■ EXERCISE INSTRUCTIONS
Below are entries; copy exactly, and only, the lines from the one containing "Windmills of Bodrum" through their final line, leaving out pictures.

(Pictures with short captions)
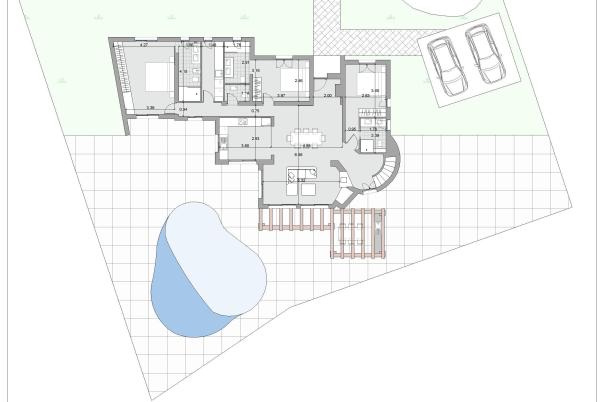 4 bed villa in Teulada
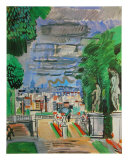 Le Parc de Saint Cloud, c.1919 Poster von Raoul Dufy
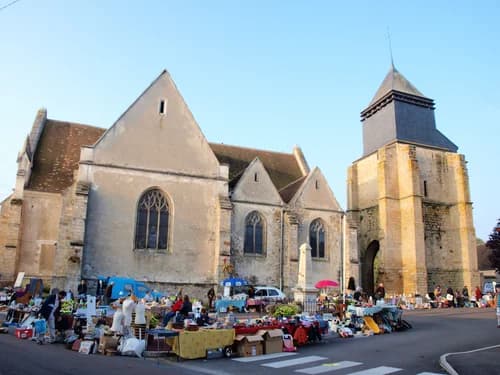 église Saint-Martin de Malay-le-Grand à Malay-le-Grand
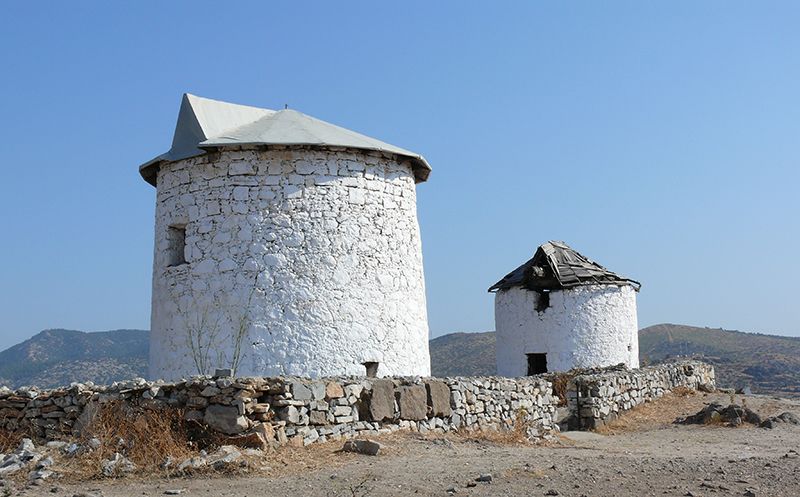 Windmills of Bodrum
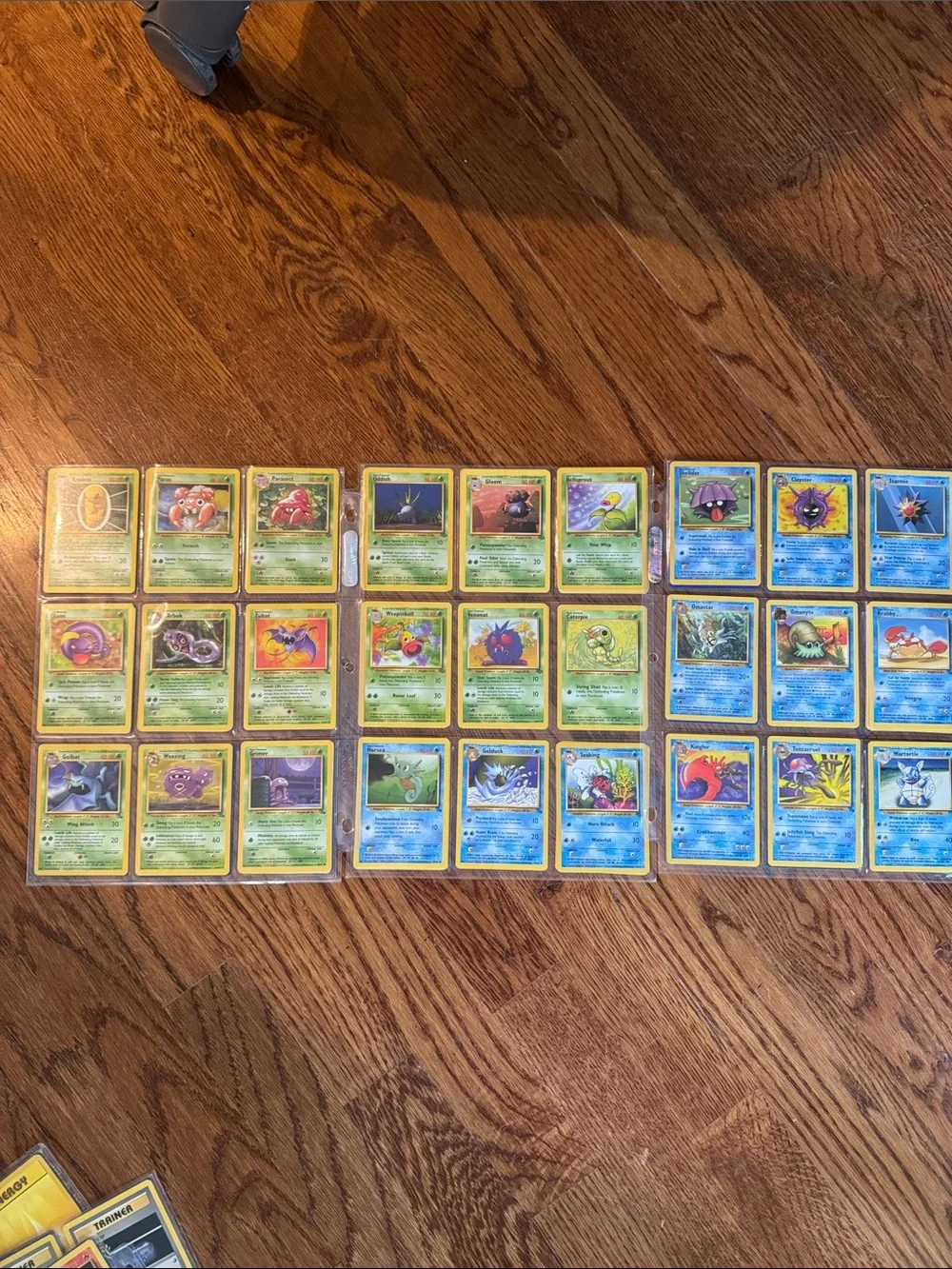 1999 Vintage Pokémon Trading Card Lot ~230 cards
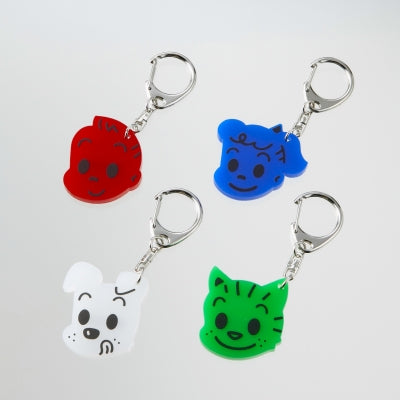 Face Acrylic 鎖匙扣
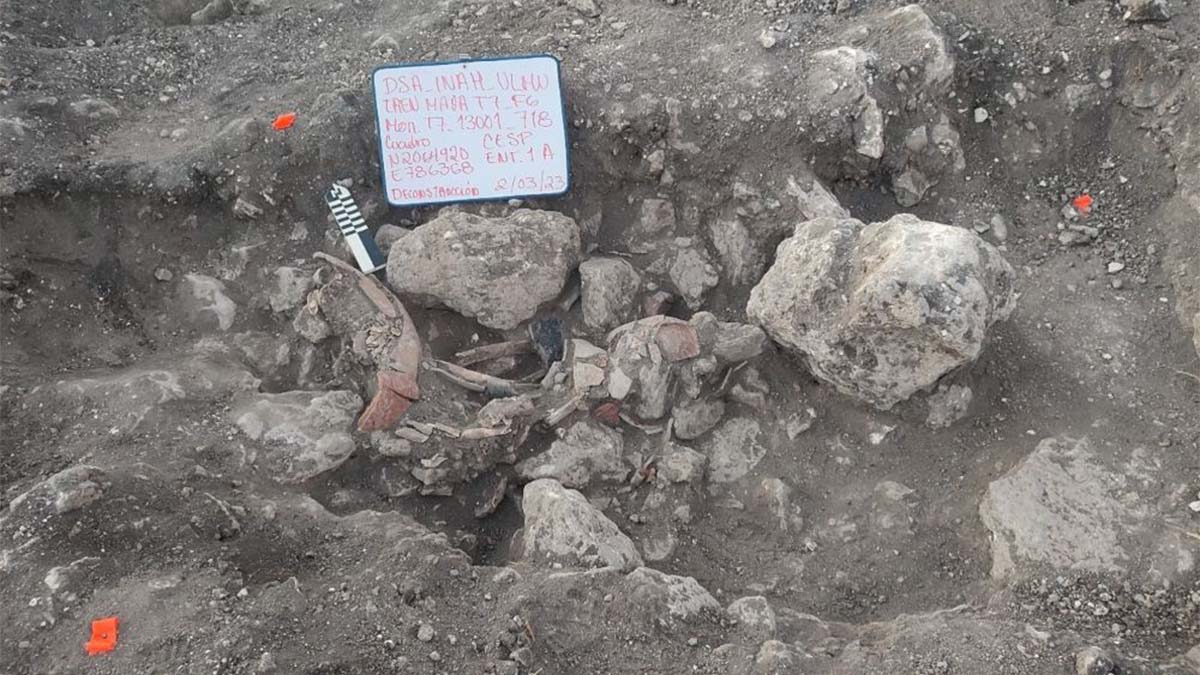 Misterios del pasado: INAH descubre 26 enterramientos mayas en municipios de Campeche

■ ANSWER AREA
 Windmills of Bodrum
 1999 Vintage Pokémon Trading Card Lot ~230 cards
 Face Acrylic 鎖匙扣
 Misterios del pasado: INAH descubre 26 enterramientos mayas en municipios de Campeche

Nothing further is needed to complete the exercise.